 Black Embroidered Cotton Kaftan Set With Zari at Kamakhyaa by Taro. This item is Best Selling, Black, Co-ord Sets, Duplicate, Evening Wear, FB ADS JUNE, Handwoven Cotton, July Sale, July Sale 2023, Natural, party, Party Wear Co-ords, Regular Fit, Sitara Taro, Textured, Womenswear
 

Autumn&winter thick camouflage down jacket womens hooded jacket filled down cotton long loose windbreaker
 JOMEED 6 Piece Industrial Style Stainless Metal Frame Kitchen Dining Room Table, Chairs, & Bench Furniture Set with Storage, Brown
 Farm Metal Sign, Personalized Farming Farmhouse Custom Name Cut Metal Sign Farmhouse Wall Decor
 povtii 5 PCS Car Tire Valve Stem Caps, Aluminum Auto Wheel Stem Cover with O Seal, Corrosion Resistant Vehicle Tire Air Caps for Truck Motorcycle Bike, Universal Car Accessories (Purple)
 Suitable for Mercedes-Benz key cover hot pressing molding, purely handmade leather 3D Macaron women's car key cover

* * *

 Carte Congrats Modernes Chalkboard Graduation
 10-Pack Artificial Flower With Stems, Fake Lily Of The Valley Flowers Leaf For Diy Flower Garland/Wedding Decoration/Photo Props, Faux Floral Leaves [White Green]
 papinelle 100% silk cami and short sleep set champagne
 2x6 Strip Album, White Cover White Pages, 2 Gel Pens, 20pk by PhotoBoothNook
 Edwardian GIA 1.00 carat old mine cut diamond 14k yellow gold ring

--

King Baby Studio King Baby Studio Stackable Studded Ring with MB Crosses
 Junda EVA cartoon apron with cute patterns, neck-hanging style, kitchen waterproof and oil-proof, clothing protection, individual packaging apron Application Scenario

* _WORK ORDER_: In the entries above, find the line holding "JOMEED 6 Piece" and the line holding "Farm Metal Sign, Personalized"; print both of them and every line between, exactly, and nothing else.

* _EXPECTED ANSWER_:
 JOMEED 6 Piece Industrial Style Stainless Metal Frame Kitchen Dining Room Table, Chairs, & Bench Furniture Set with Storage, Brown
 Farm Metal Sign, Personalized Farming Farmhouse Custom Name Cut Metal Sign Farmhouse Wall Decor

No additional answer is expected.